WHAT YOU SHOULD DO
The required output is the lines below from the line containing "Hell is Us Deluxe" to the line containing "STYLE SAMPLE", inclusive, retyped exactly. No other lines belong in it.

(Beginning of SUPPLIED RECORDS)

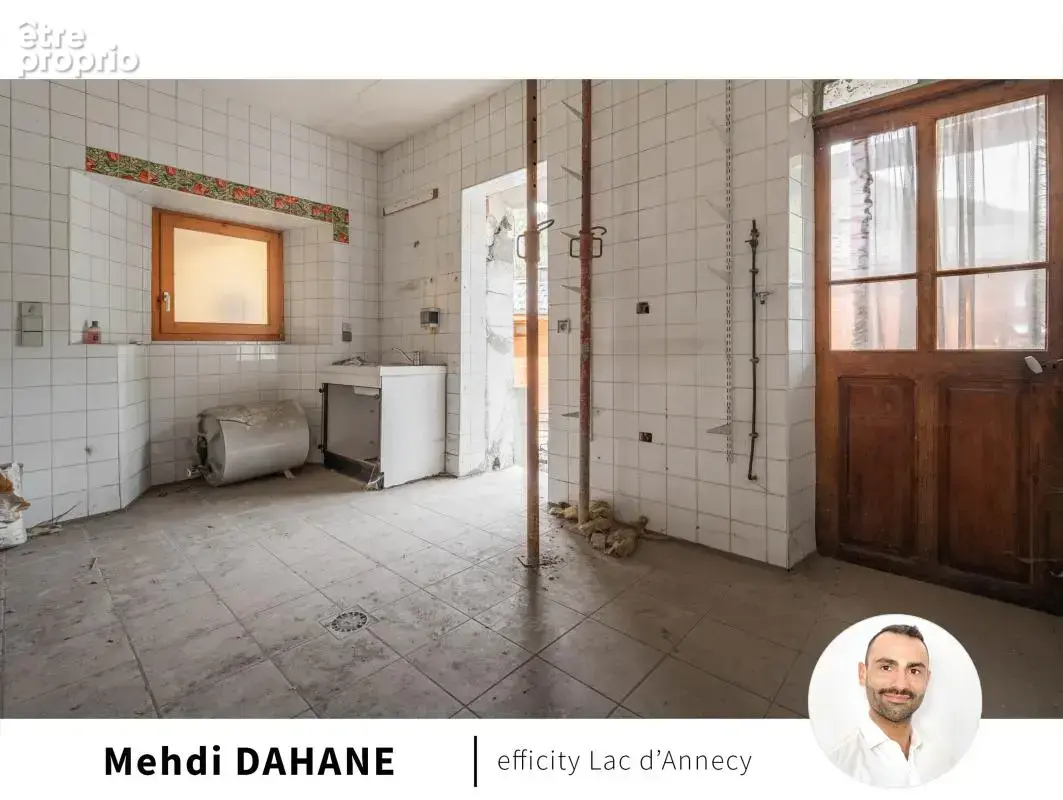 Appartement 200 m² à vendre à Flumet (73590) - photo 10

(End of SUPPLIED RECORDS)
(Beginning of SUPPLIED RECORDS)

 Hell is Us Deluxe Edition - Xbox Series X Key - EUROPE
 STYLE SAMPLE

(End of SUPPLIED RECORDS)

SOLUTION TO THE PROBLEM
 Hell is Us Deluxe Edition - Xbox Series X Key - EUROPE
 STYLE SAMPLE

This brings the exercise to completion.